Broker Voting

Frage: Sie haben an dieser Stelle schon mehrfach über die Risiken niedriger Hauptversammlungspräsenzen und möglicher Gegeninitiativen berichtet. In den USA wird versucht, das Problem mit dem so genannten „broker voting“ zu lösen, das dem Wesen nach wohl dem früher in Deutschland gängigen Bankenstimmrecht ähnelt. Könnten Sie mir erklären, was das bedeutet und ob dies nicht auch geeignet wäre, um hierzulande höhere Präsenzen zu erzielen?

Thomas F. aus Frankfurt

 

Antwort: In den USA gibt es ausschließlich Namensaktien. Ähnlich wie bei uns gibt es die Möglichkeit, dass statt des tatsächlichen Anteilseigners ein so genannter „street name“ in das Aktionärsbuch eingetragen wird. Häufig ist das die jeweilige Depotbank. Der für diese Anteilscheine zuständige Broker darf das hiermit verbundene Stimmrecht nun ausüben, falls der echte Aktionär bis zum zehnten Tag vor der Hauptversammlung keine Weisung gegeben hat und es sich bei dem zur Abstimmung stehenden Tagesordnungspunkt um eine „routine proposal“ handelt. In den USA gibt es heftige Debatten darüber, welche Tagesordnungspunkte als solche Routinevorschläge gelten. So hat die New Yorker Börse Ende 2006 entschieden, dass die Wahl von Aufsichtsräten zukünftig kein Routinevorschlag mehr sein soll. Damit dürfen die Broker die Stimmrechte bei diesem Punkt nicht mehr ohne Weisung ausüben.

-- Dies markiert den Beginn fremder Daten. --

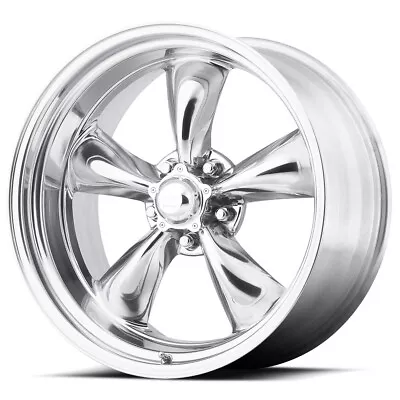 American Racing VN515 Torq Thrust II 15x10 5x5  -44 Polished Wheel Rim 15  Inch • $202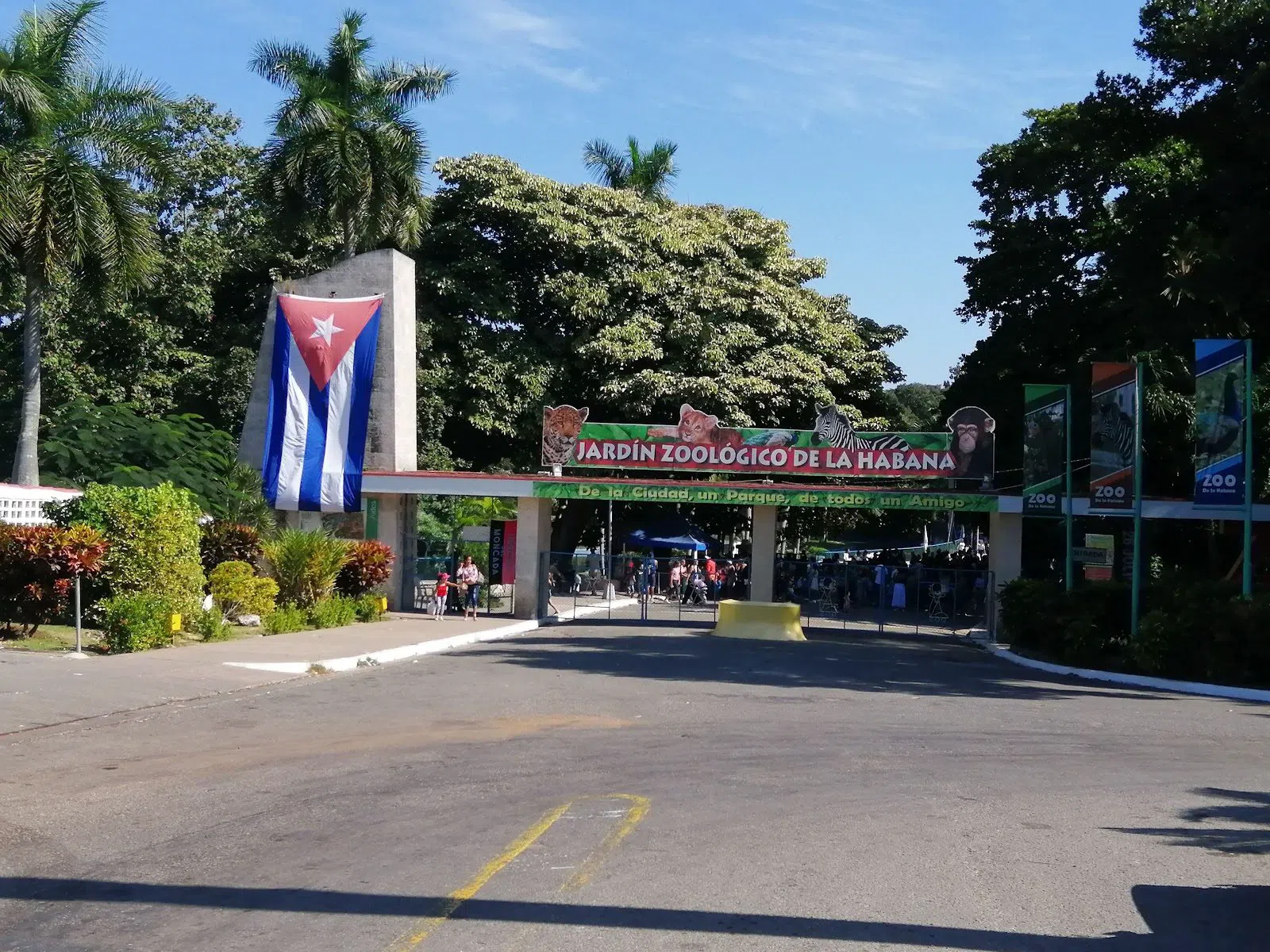 Jardín Zoológico de La Habana (Zoológico de 26), Havana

Für die Hauptversammlungen in Deutschland würde eine solche Regelung wenig bringen, da es hierzulande nach wie vor mehrheitlich Inhaberaktien gibt. Zudem besteht schon heute die Möglichkeit, seine Stimmen einem vom Unternehmen gestellten Stimmrechtsvertreter mit Weisung zu übertragen. Eine Übertragung ohne Weisung war hier vom Gesetzgeber ausdrücklich nicht gewünscht.